The rapid development of the humm3 technology was made possible by funding through the National Aerospace Technology Exploitation Programme (NATEP) and strong support by technology managers at the Midlands Aerospace Alliance (MAA).

Heraeus’s technical director, Jeremy Woffendin comments: “The NATEP funding was absolutely critical in developing these early ideas and prototypes into a technology demonstrator sufficiently high in technology readiness to show to industry.”

During the 18-month project with a major composites manufacturer and a key aerospace OEM, and with strong collaboration from the NCC, a full-scale system was designed and tested. The project included a comparison of the humm3 system with IR lamps and lasers, proving that the new technology is significantly faster, more powerful and more controllable than IR lamps. This meant that the high temperatures required for materials such as dry fibre (up to 200°C) and thermoplastics (up to 420°C) could be processed, at speeds up to 1m/sec. It also showed that the system is safer, smaller and more easily scalable than laser systems. As a conclusion to the NATEP project, several demonstrator days were held at the NCC showing the humm3 technology working on an industrial AFP robot system. This generated a great deal of interest from aerospace industry representatives and acted as a springboard to the subsequent development of the fully industry-ready humm3 system that exists today.

At close quarters

One of the most important benefits is that although Heraeus’s system is very powerful, operators are able to remain close to the AFP equipment while it is running.

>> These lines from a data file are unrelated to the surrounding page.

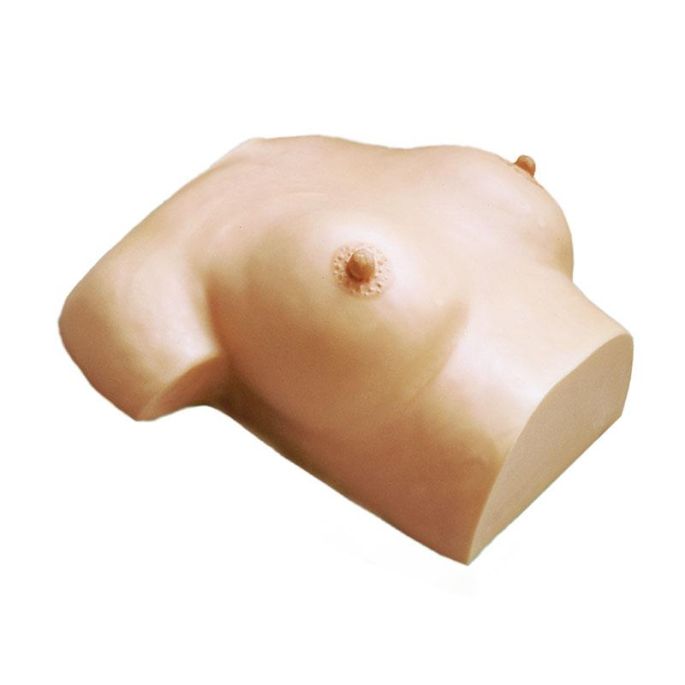 Borstverzorgings- en massagemodel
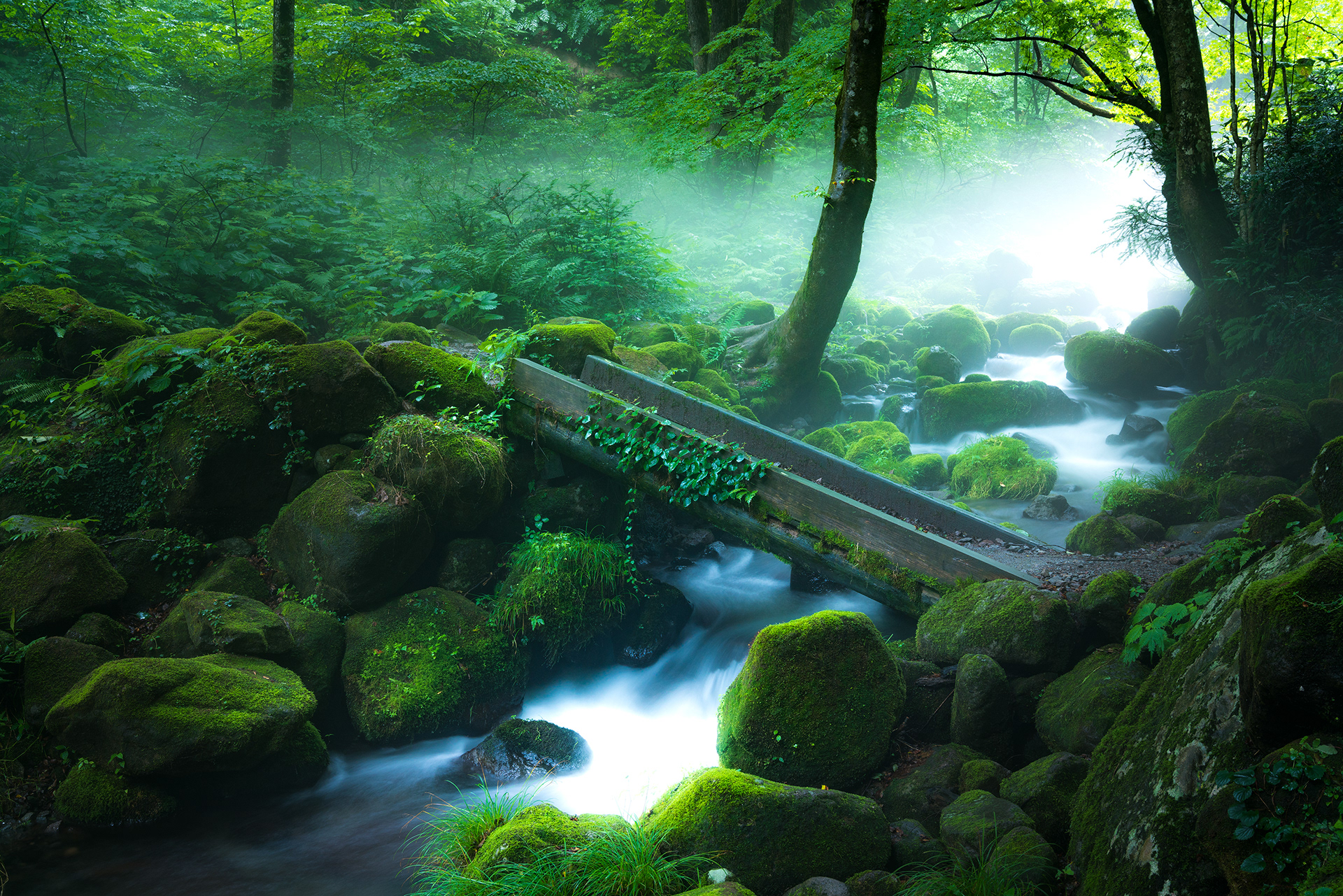 奥大山 木谷沢渓流／鳥取県江府町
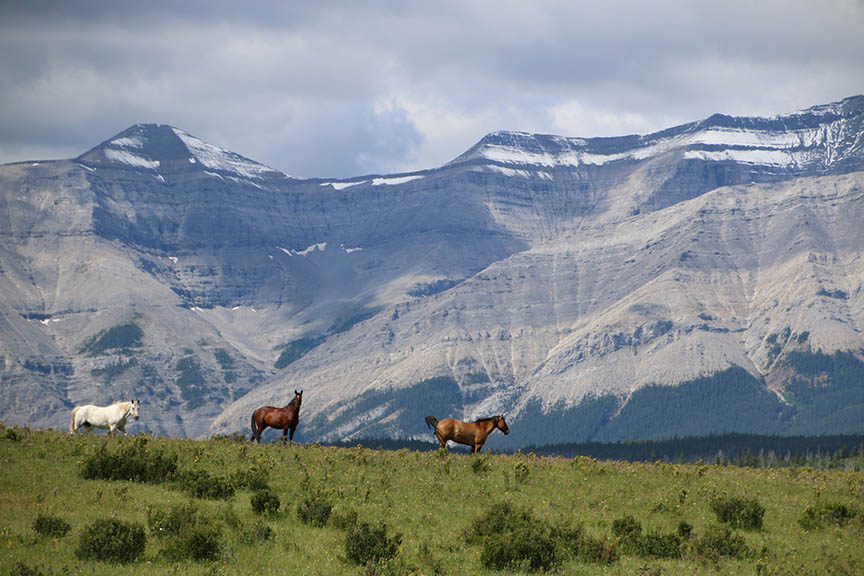 horses at Ya-Ha-Tinda Ranch
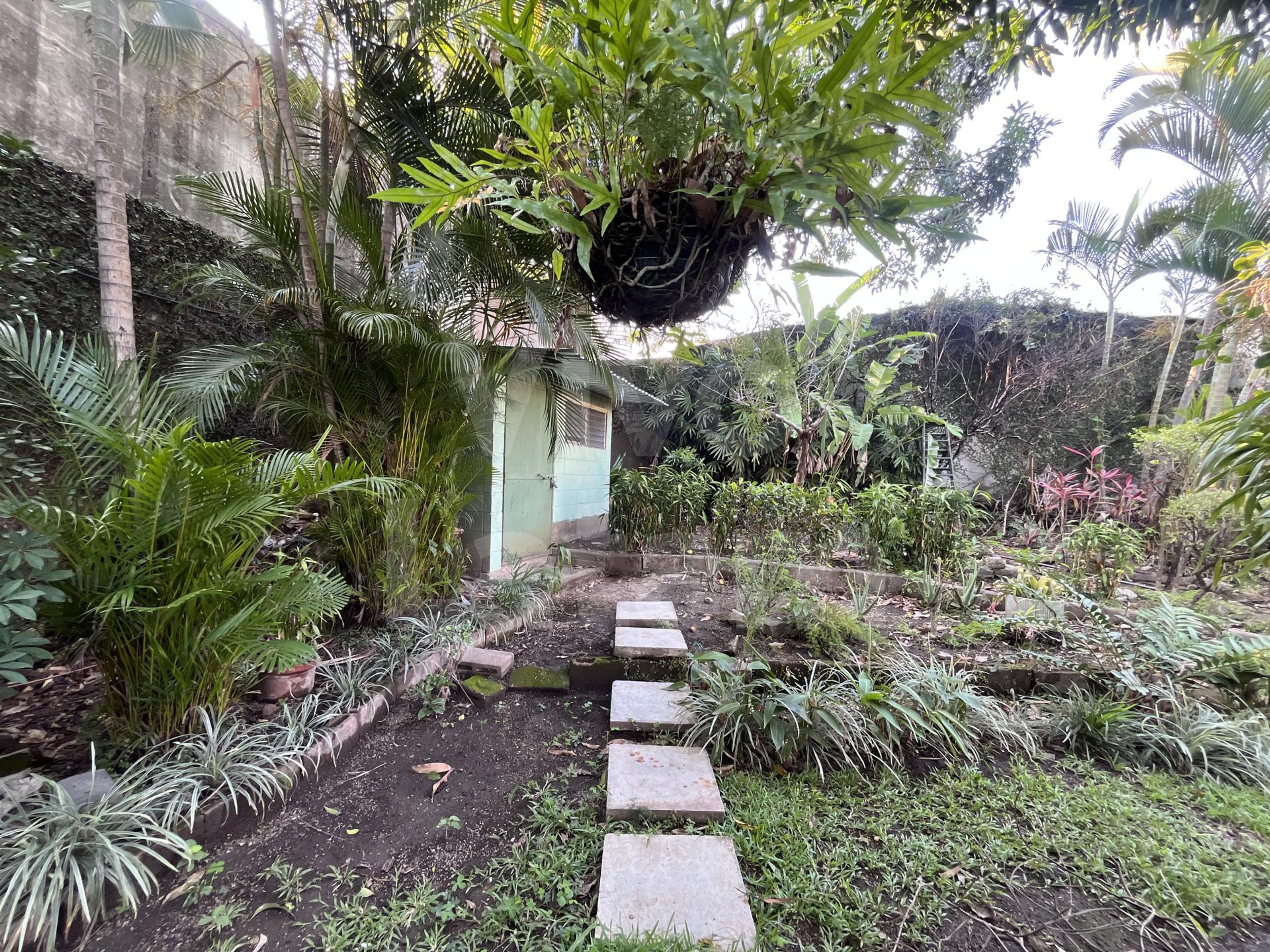 Casa en alquiler en Colonia La Mascota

This is because Xenon lamps do not have the same health and safety requirements as a laser-based system, where operators typically have to retreat to a protective booth while lay-up is being carried out. Hence humm3 technology can provide the lay-up capabilities of a laser in a realistic production environment which permits closer interaction with operatives. Furthermore, by pulsing the Xenon lamp and controlling pulse duration, frequency and energy, it is possible to tailor the surface and through-thickness temperature profiles of the composite to suit the characteristics of the target material.

Thermal image of 8 tow composite material touch point at 400°C surface temperature

For Heraeus Noblelight, the latest developments on this breakthrough composites heating technology feels a little like completing a circle. The humm3 technology grew from initial ideas at the company’s research laboratory on the Cambridge Science Park through a strong collaboration with the NCC. As part of their wider capability development programme, the NCC has now commissioned a new multi-million-pound fibre placement machine, manufactured by Electroimpact. This machine will include fully integrated humm3 systems covering a range of heating widths from 75mm up to 200mm for AFP and up to 300mm for Automated Tape Laying (ATL). A number of aerospace OEMs will use this new placement machine to prove the industrialisation of their composites manufacturing processes.

The humm3 technology has come at an opportune time, as companies begin gearing up for the much-discussed rate increases demanded by the market. Beyond AFP manufacture, Xenon lamp technology is also revealing it’s unique heating capabilities in the areas of filament winding and thermoplastic welding, in addition to non-composites applications such as sintering of printed electronic circuits.